## REQUIRED WORK
With the pictures left out, write out the records verbatim.

== Segment start ==

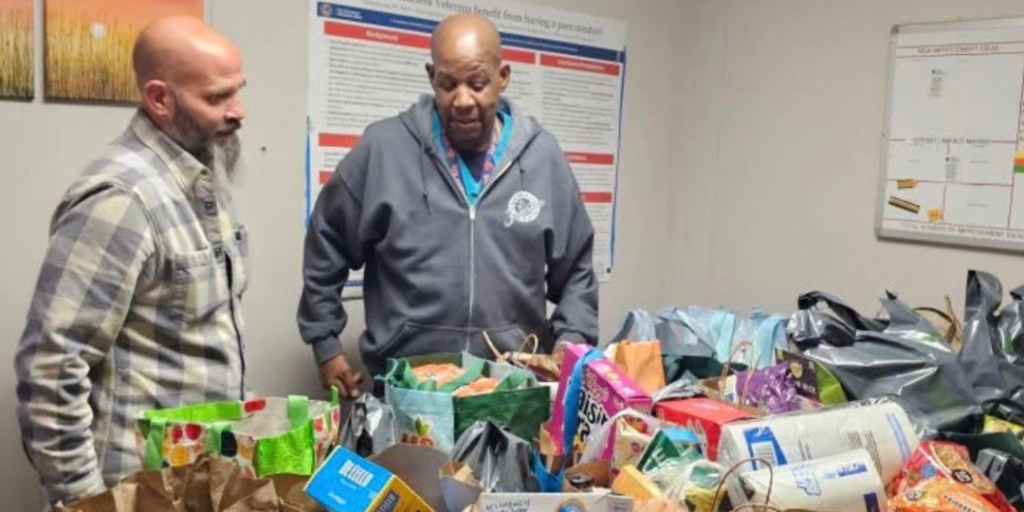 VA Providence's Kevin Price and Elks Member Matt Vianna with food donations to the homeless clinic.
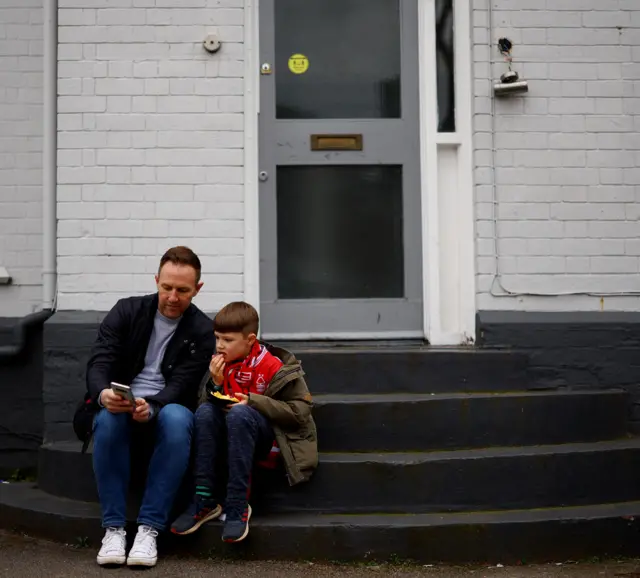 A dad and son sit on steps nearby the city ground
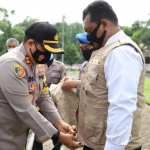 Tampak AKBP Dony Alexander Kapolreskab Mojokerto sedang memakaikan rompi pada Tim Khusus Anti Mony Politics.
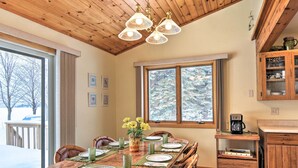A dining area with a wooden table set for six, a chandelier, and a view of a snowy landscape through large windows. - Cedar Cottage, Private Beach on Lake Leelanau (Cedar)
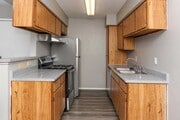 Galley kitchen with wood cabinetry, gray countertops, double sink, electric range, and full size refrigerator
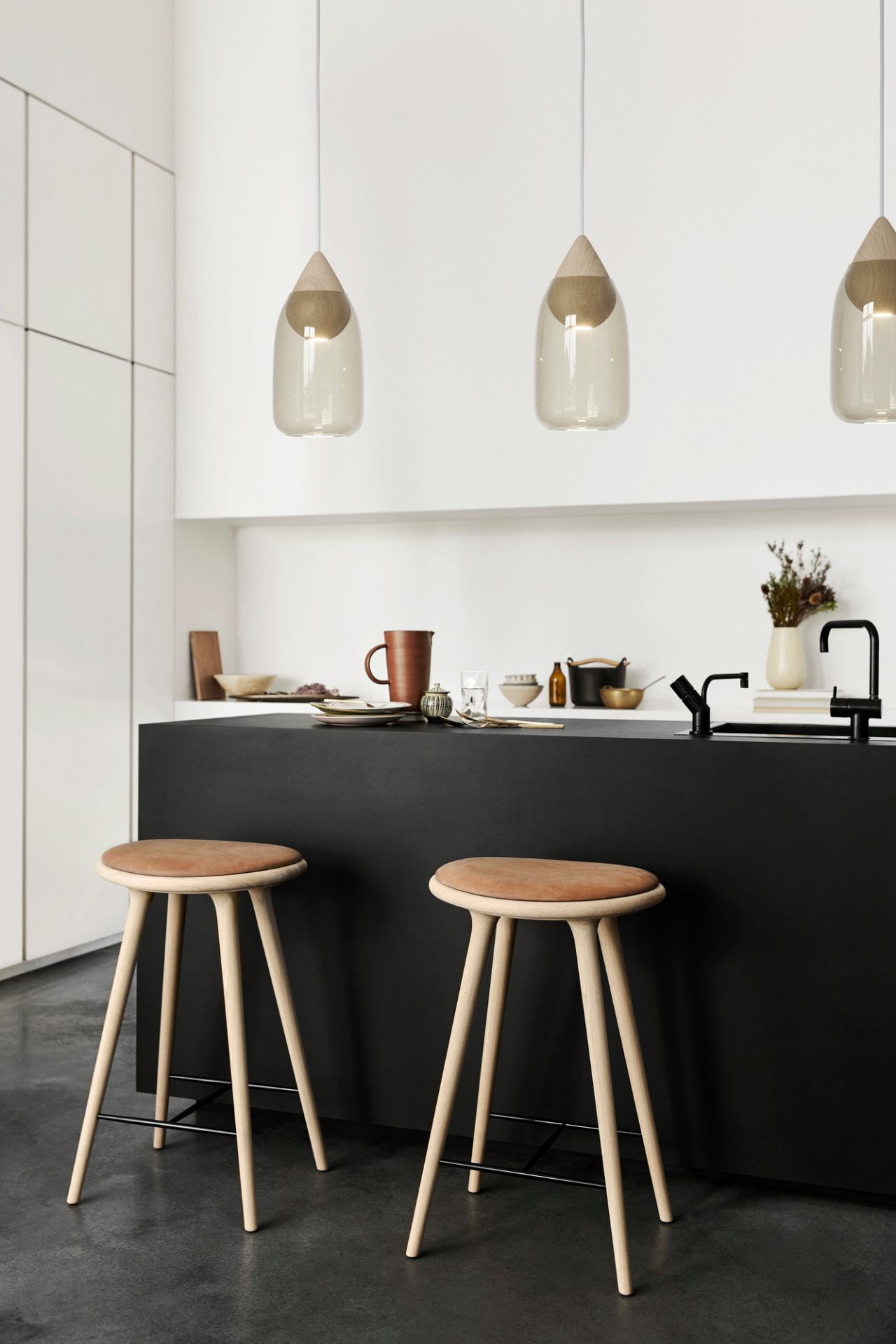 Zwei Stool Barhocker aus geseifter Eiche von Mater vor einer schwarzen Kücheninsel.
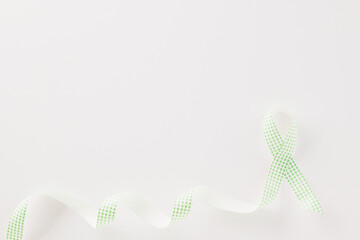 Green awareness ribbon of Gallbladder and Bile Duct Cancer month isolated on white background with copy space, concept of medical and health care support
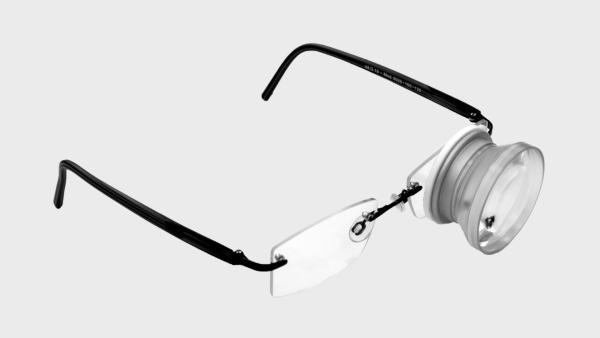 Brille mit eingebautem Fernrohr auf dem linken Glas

== Segment end ==

## YOUR RESPONSE
 VA Providence's Kevin Price and Elks Member Matt Vianna with food donations to the homeless clinic.
 A dad and son sit on steps nearby the city ground
 Tampak AKBP Dony Alexander Kapolreskab Mojokerto sedang memakaikan rompi pada Tim Khusus Anti Mony Politics.
A dining area with a wooden table set for six, a chandelier, and a view of a snowy landscape through large windows. - Cedar Cottage, Private Beach on Lake Leelanau (Cedar)
 Galley kitchen with wood cabinetry, gray countertops, double sink, electric range, and full size refrigerator
 Zwei Stool Barhocker aus geseifter Eiche von Mater vor einer schwarzen Kücheninsel.
 Green awareness ribbon of Gallbladder and Bile Duct Cancer month isolated on white background with copy space, concept of medical and health care support
 Brille mit eingebautem Fernrohr auf dem linken Glas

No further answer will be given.